[PATCH] D64726: AMDGPU/GlobalISel: Fix not constraining result reg of copies to VCC

Nicolai Hähnle via Phabricator via llvm-commits llvm-commits at lists.llvm.org
Tue Jul 16 06:42:19 PDT 2019


nhaehnle added a comment.

In D64726#1587457 <https://reviews.llvm.org/D64726#1587457>, @arsenm wrote:

> In D64726#1587233 <https://reviews.llvm.org/D64726#1587233>, @nhaehnle wrote:
>
> > This seems incorrect, doesn't it? The truncation disappeared.... (e.g., what if $sgpr0 is 0x10)
>
>
> My current understanding of G_TRUNC is it's a no-op, and supposed to always be legal. This is supposed to be the legalized MIR, so theoretically this was generated by something that knew the original argument was zeroext from i1


Where do you get this from? And if this is the case, what is the real `trunc` instruction lowered to? This smells extremely fishy to me.

Case in point; take this IR:

  define amdgpu_ps float @foo(i32 %a) {
    %cc = trunc i32 %a to i1
    %r = zext i1 %cc to i32
    %r.f = bitcast i32 %r to float
    ret float %r.f
  }

which becomes, before legalization:

  bb.1 (%ir-block.0):
    liveins: $vgpr0
    %0:_(s32) = COPY $vgpr0
    %1:_(s1) = G_TRUNC %0:_(s32)
    %2:_(s32) = G_ZEXT %1:_(s1)
    $vgpr0 = COPY %2:_(s32)
    SI_RETURN_TO_EPILOG $vgpr0

So it is very plain here that we cannot assume the high bits of the input to be zero.

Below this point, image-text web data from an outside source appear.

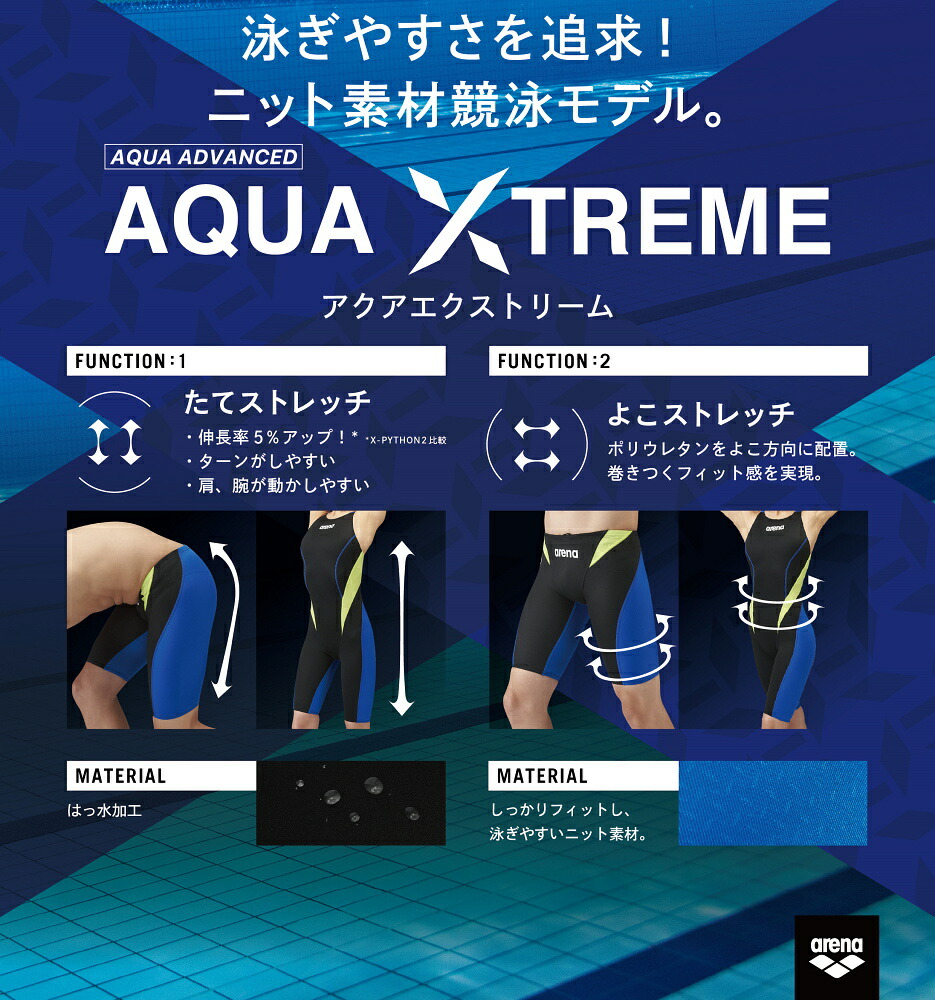 日本限定アリーナ ARENA 競泳水着 ジュニアリミック XTREME AQUA ARN-1023MJ ジュニア男子 fina承認 競技水着 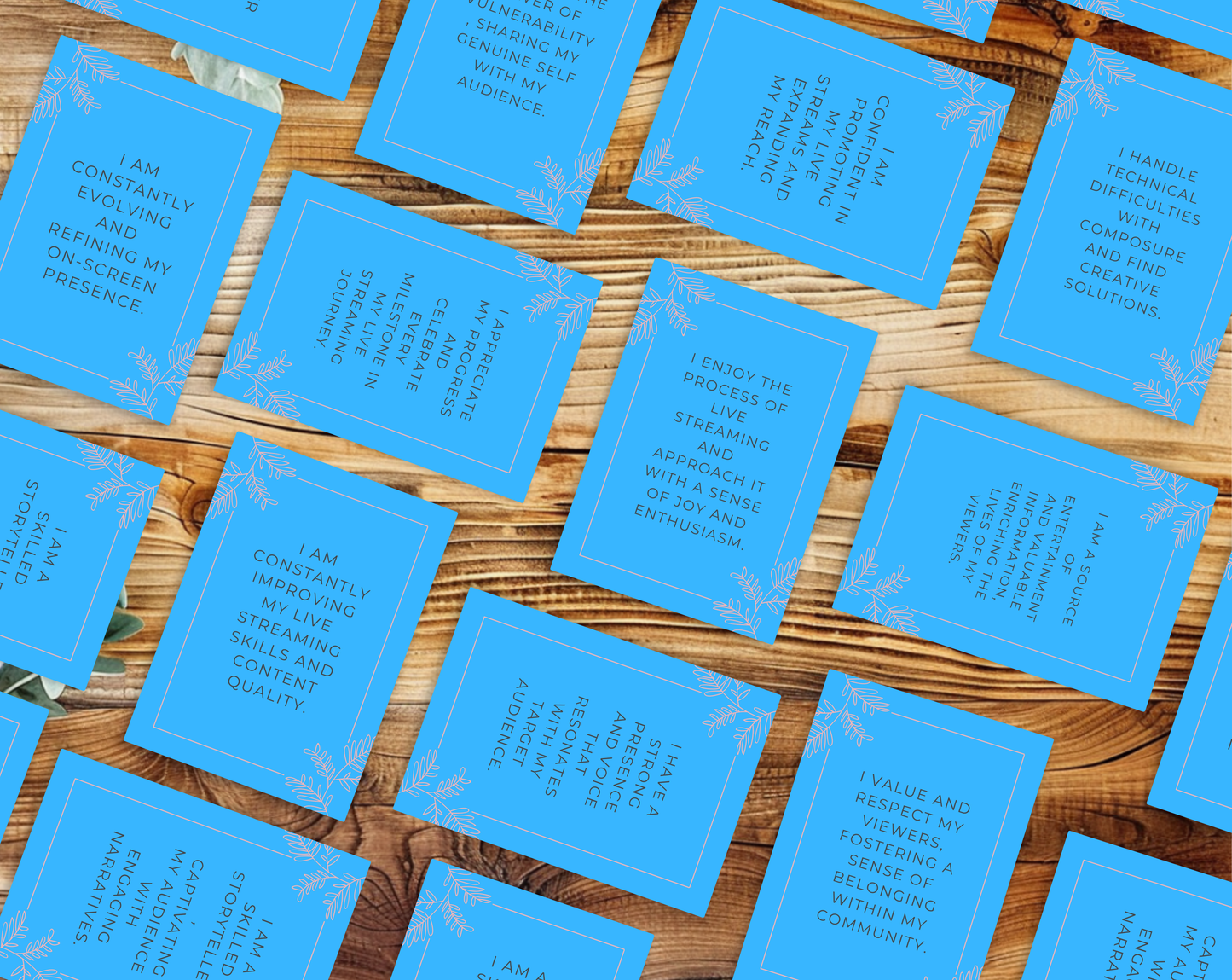 30 Streamer Affirmation Cards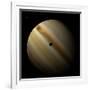 Artist's Depiction of a Gas Giant Planet in Interstellar Space with Three Orbiting Moons-null-Framed Art Print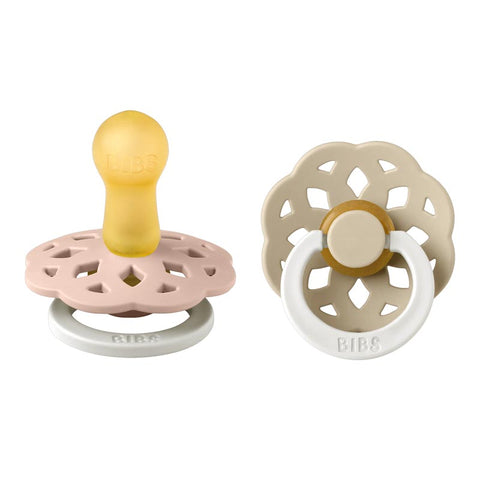 Bibs Boheme Glow in the Dark Pacifiers Blush & Vanilla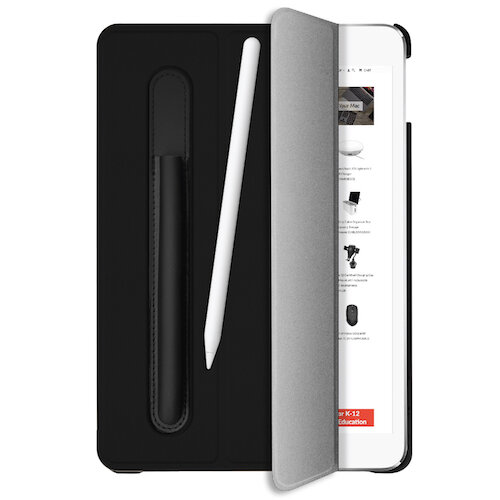 MacAlly BookStand iPad 2019 10,2 inch hoesje met penhouder Zwart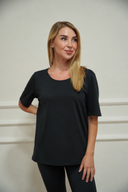 Women's open-back everyday tee, colour option — DWEGO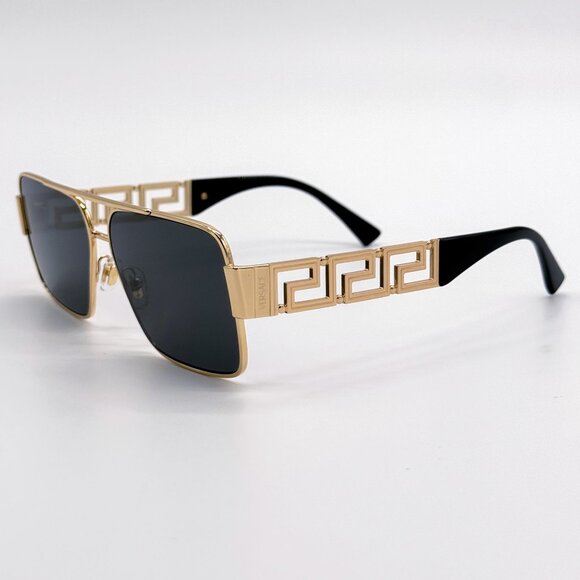 NEW VERSACE VE2290 100287 SUNGLASSES BLACK GOLD WOMEN EYEWEAR VERSACE VE2290 100 main image 5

Now //maybe// an exception can be made here due to something that happens earlier in legalization, but it does seem highly suspicious and it would be good to have a test all the way from IR to understand why this is happening -- having different semantics for the same opcode at different stages of the compilation is not cool.